吟醸造りの定義である「吟味して醸造する」とは、何をどのように吟味して醸造するのでしょうか。
まず、日本酒の原料となる米は、私達が食べている飯米とは違い、「酒米」と呼ばれる専用の米が広く使われています。酒米の品質は日本酒の旨味や香りを大きく左右するため、使用する米へのこだわりは並々ならぬものがあります。
吟醸酒に分類される日本酒は、その米を精米歩合60%以下にすることが定められています。
「精米歩合」とは、玄米を削り残った割合を%で示したもの。例えば、精米歩合が60%だと、玄米を外側から40%削り取った状態のことです。なお精米歩合が50%以下になると「大吟醸酒」に分類されます。
吟醸造りの定義の中に、「特有な芳香(吟香)を有するように醸造する」とあります。吟醸酒の最大の特徴となる独特の香りを生み出す素になるのが「酵母」です。

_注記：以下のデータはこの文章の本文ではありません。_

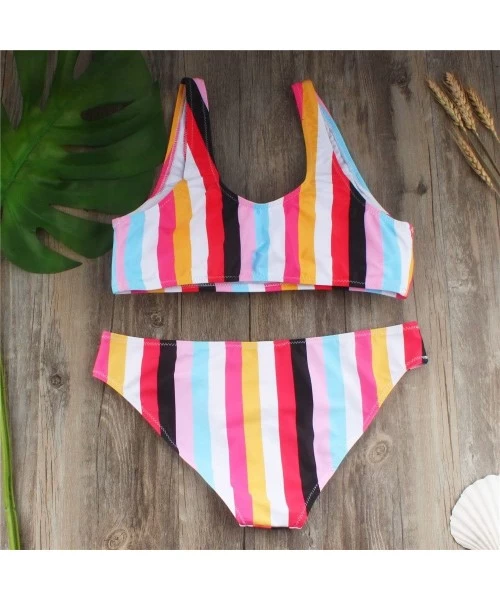 Sets Womens Sexy Bikini Swimsuit Two Piece Rainbow Push Up Padded Bra Swimwear Triangle Thong Side Tie Bottom Bathing Suit B ...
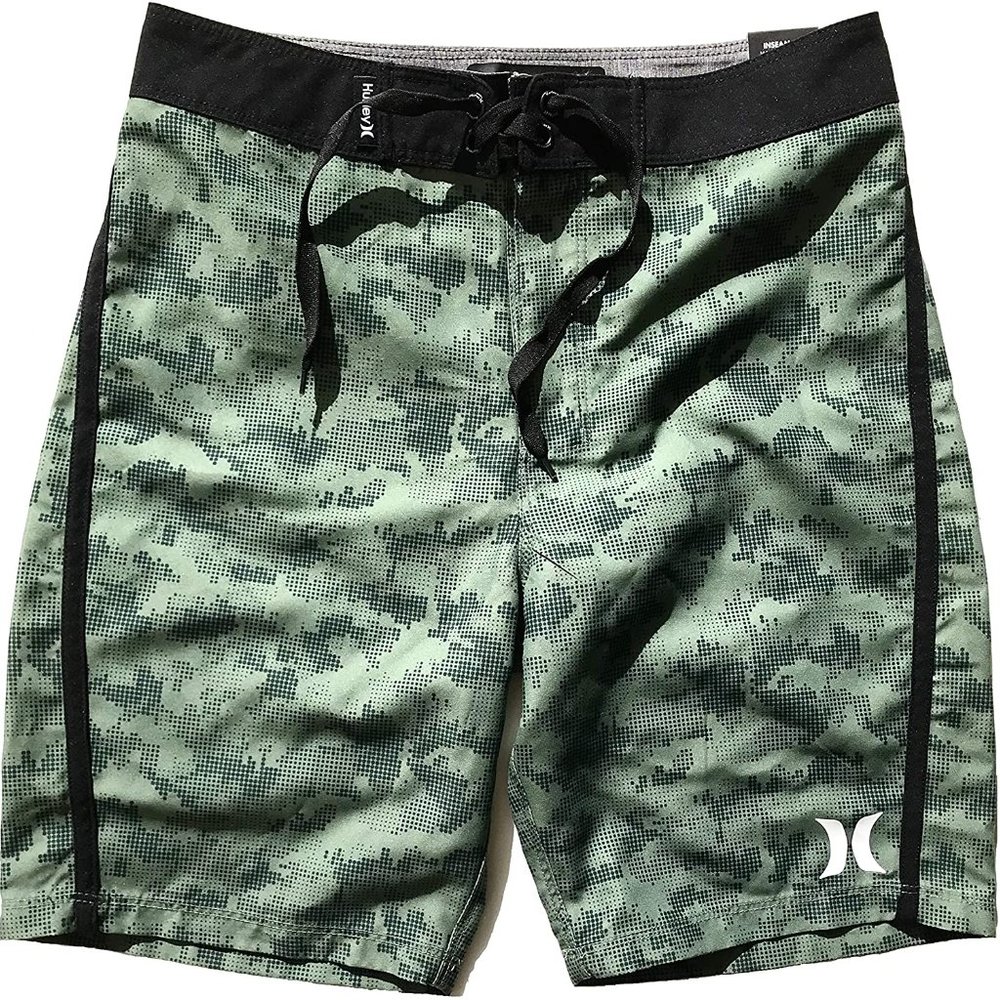 Hurley Boardshorts Green Camo, Boys 14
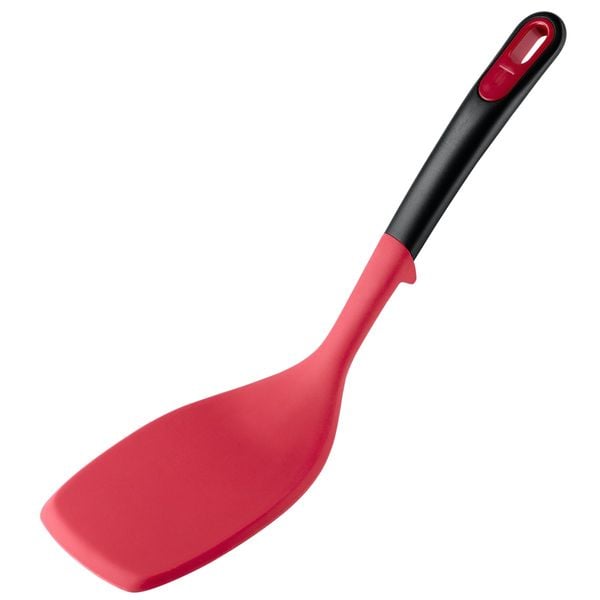 Spatula flexibila Tefal Ingenio+ K1984834, rezistenta la temperaturi inalte, compatibilitate cu masina de spalat vase, silicon, rosu & negru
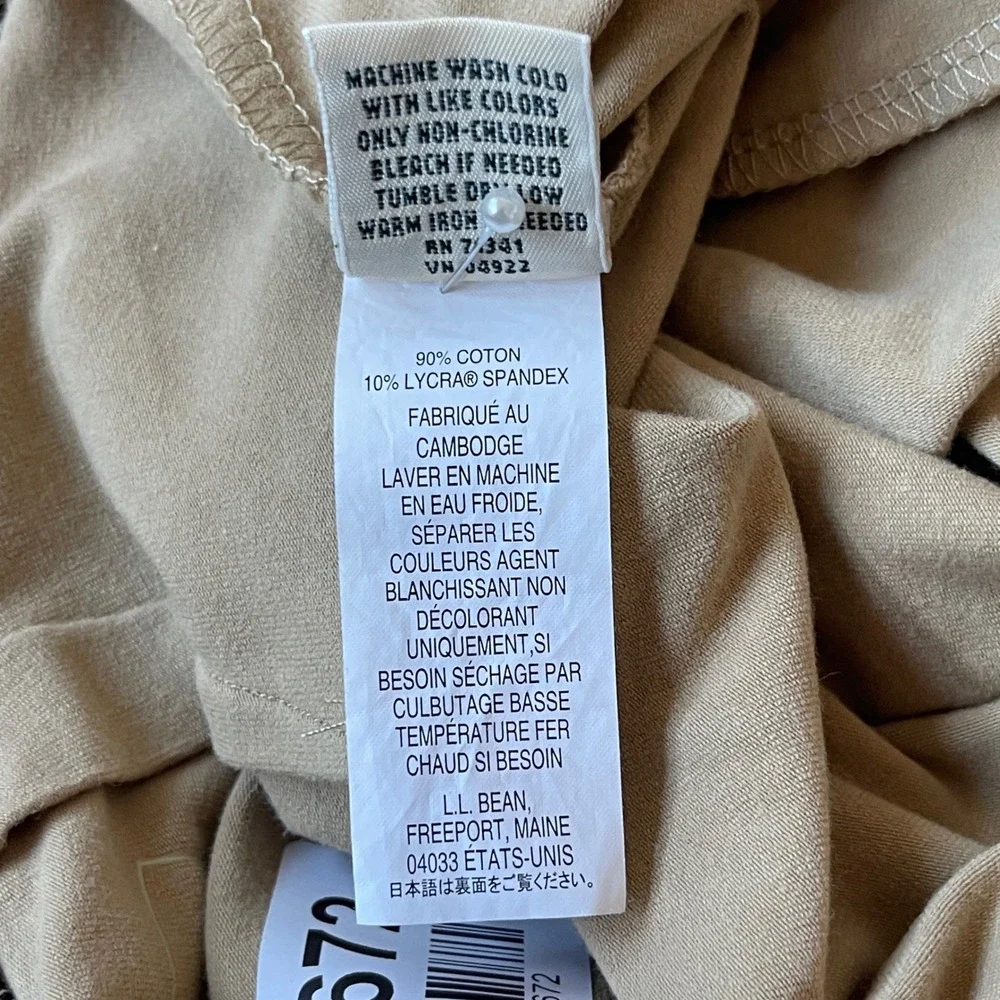 LL Bean Perfect Fit Pants Womens Medium Regular Khaki Tan Cotton Stretch 287678 - Picture 8 of 12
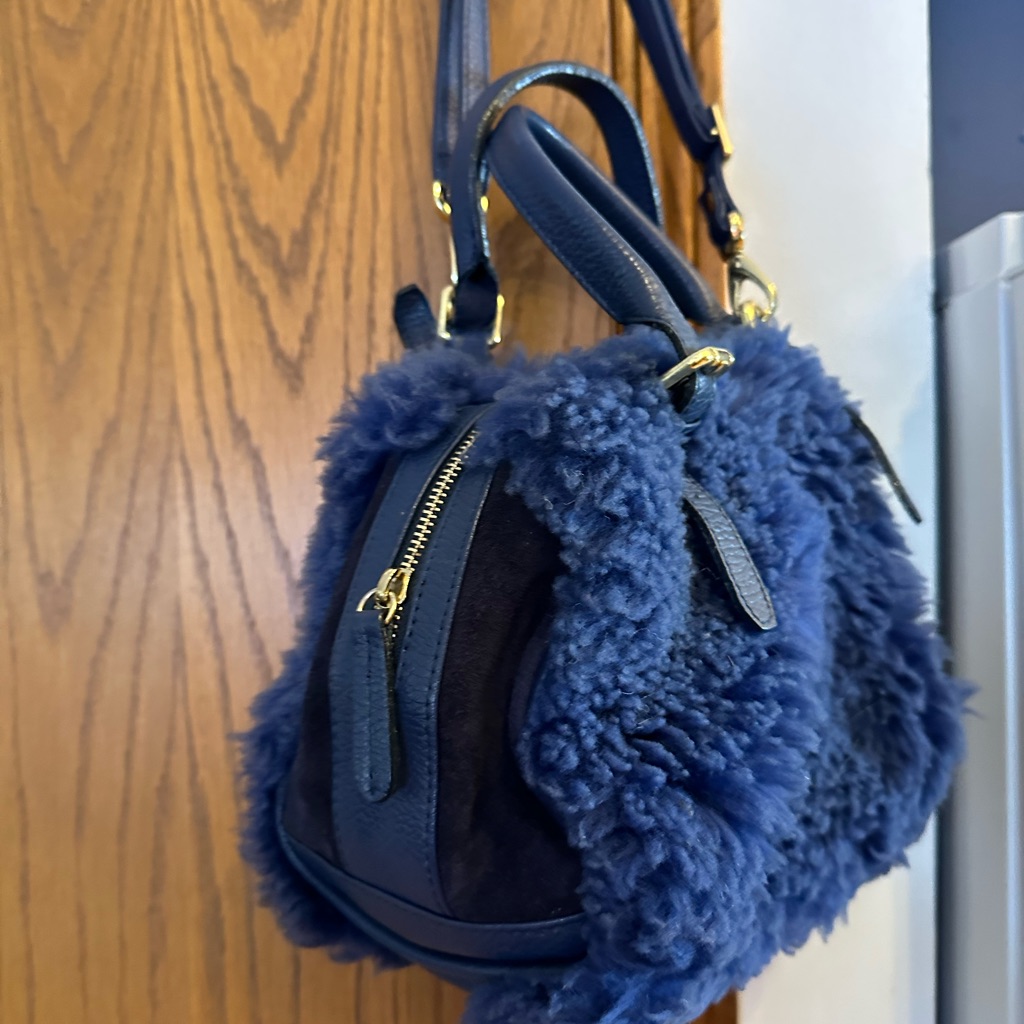 Chic Blue Genuine Fur And Genuine Leather Lisa Conte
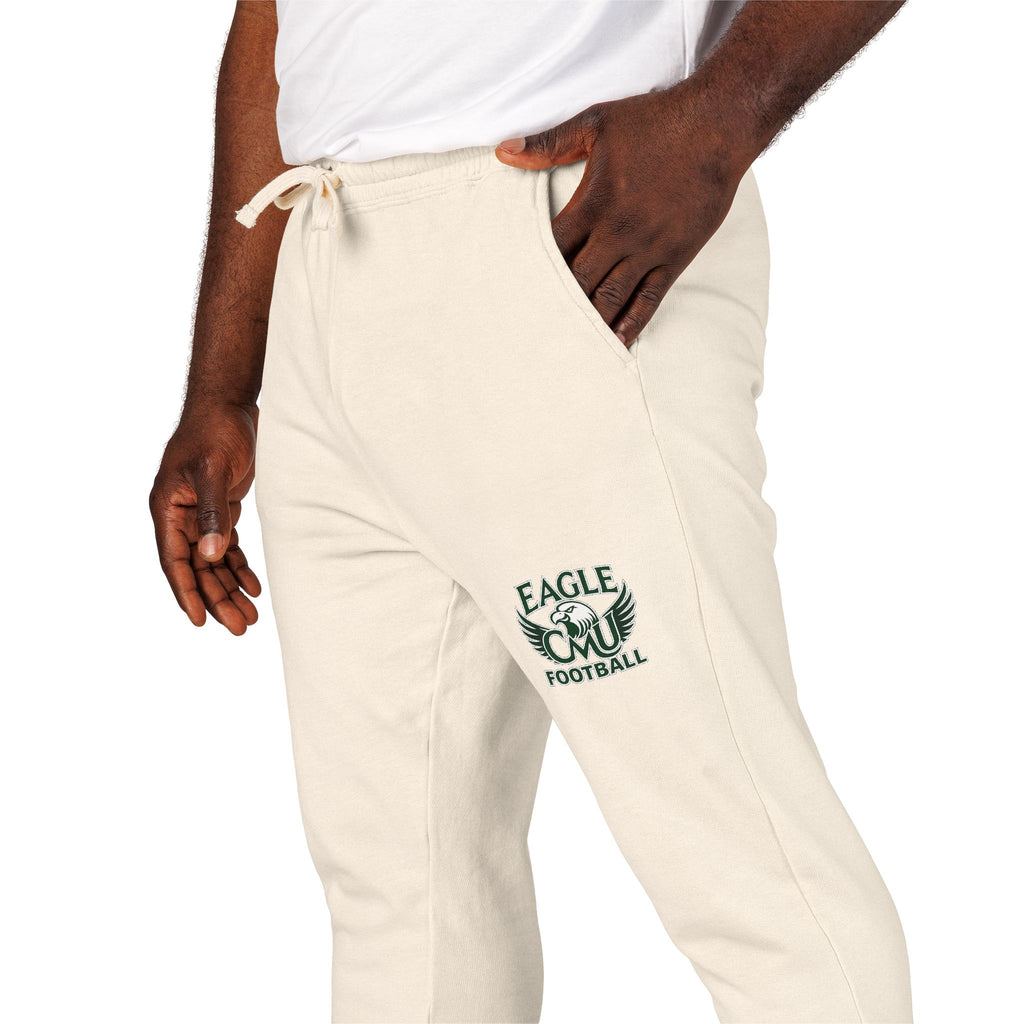 Embroidered Floral Crest Sweatpants — Garment-Dyed Fleece Joggers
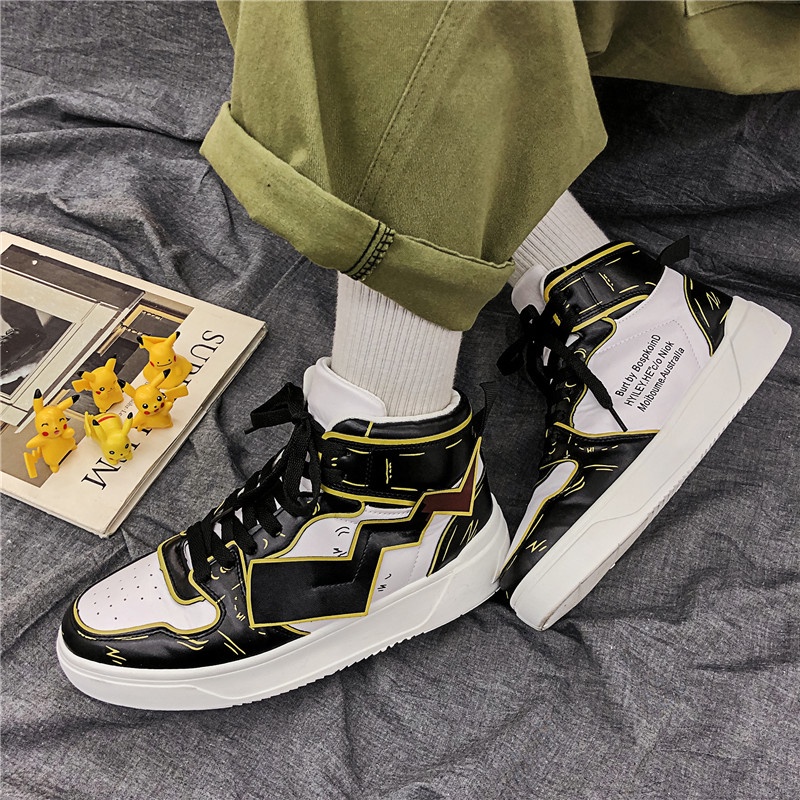 Giày thể thao cổ cao in hình phong cách Pokemon thời trang cho nam size 39-44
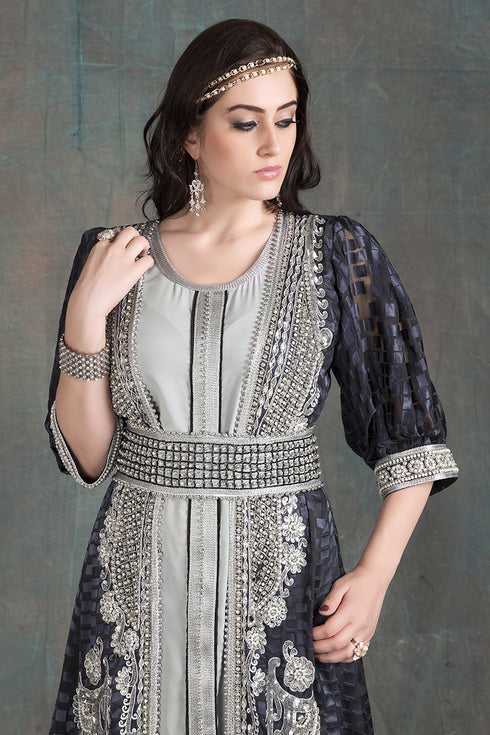 Gray designer brasso fabric hand beaded moroccan party wedding kaftan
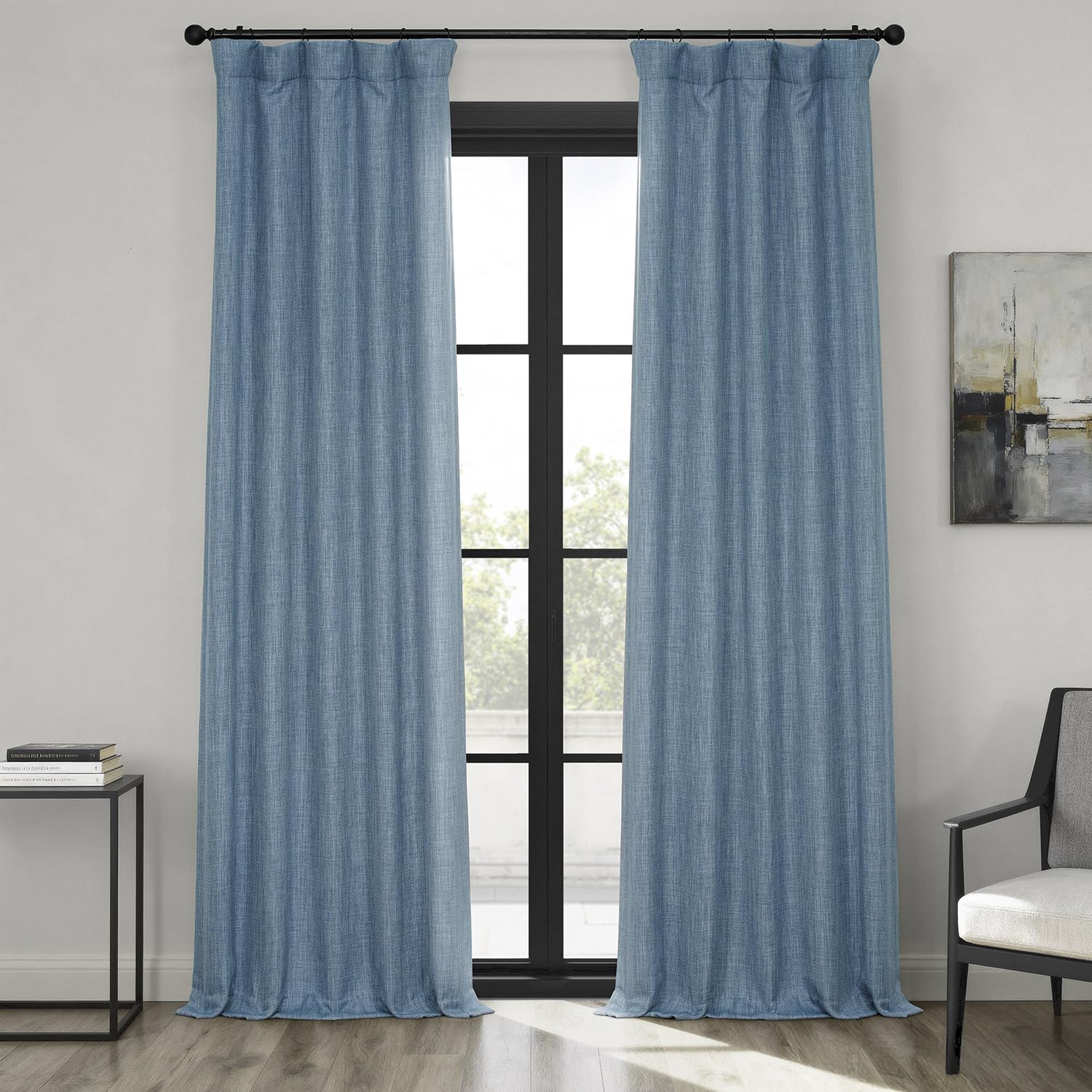 HPD Half Price Drapes Faux Linen Textured Room Darkening Curtains for Bedroom 108 Inches Long (1 Panel), 50W X 108L Curtains for Living Room Home Decor, Denim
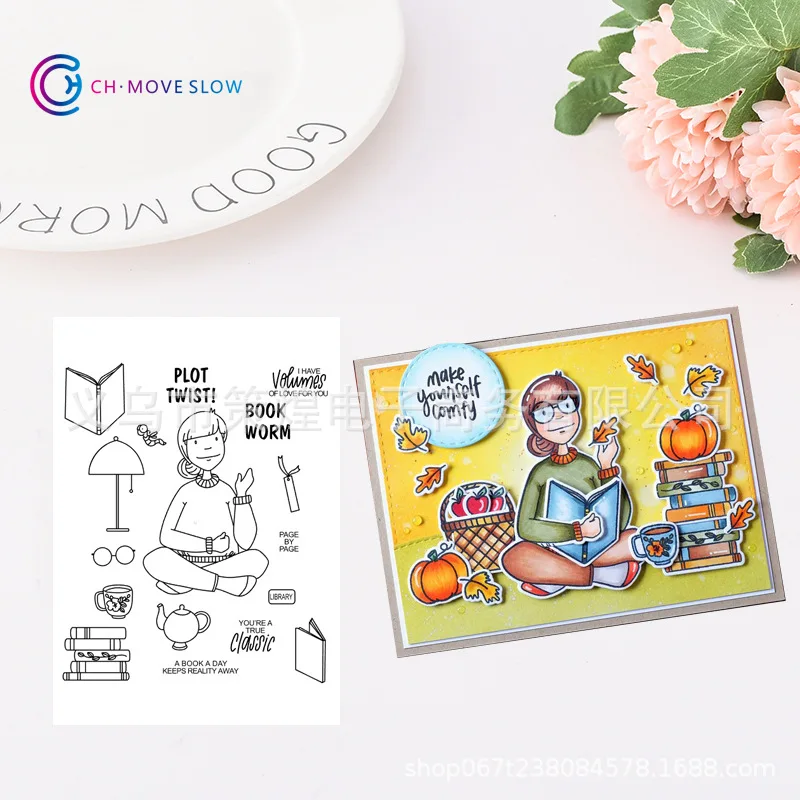 

Reading METAL CUTTING dies For Scrapbook card Making Girl&book stamps&die set for card craft stitched Embossing lamp die mold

吟醸造りの定義には、どの酵母を使わなければならないという規定はありません。そのため、蔵元が選ぶ酵母によって、香りの強さや質がそれぞれ異なります。同じ吟醸酒でも飲んでみるまで分からないのも吟醸酒の魅力です。
日本酒には吟醸酒の他にも純米酒、本醸造酒などの種類があります。それぞれの違いを知るために、吟醸酒と他のお酒の違いを紹介します。
日本酒は、原料や製法など所定の要件を満たした「特定名称酒」があります。特定名称酒は大きくは「吟醸酒」「純米酒」「本醸造酒」の3種類に分けられ、原料や製造方法などの違いによって、さらに8種類に分類されます。特定名称酒に含まれない日本酒は、「普通酒」または「一般酒」などと呼ばれます。
次に、吟醸酒と純米酒の違いについて解説していきましょう。
純米酒とは、米・米麹・水のみを原料としています。米本来の旨味や深いコクを楽しめる日本酒です。8種類の特定名称酒の中の「吟醸酒」や「大吟醸酒」との違いは、醸造アルコールが原料に含まれるかどうかです。
ちなみに、純米酒と吟醸酒、どちらの要件も満たし、両方の特徴を併せもった日本酒は、「純米吟醸酒」と「純米大吟醸酒」に分類されます。
本醸造酒は、原料に醸造アルコールを含みます。本醸造酒の場合、醸造アルコールの使用量は、原料に用いる酒米の総重量の10%未満までに制限されています。すっきりとした味わいの辛口タイプのお酒が多いのが特徴です。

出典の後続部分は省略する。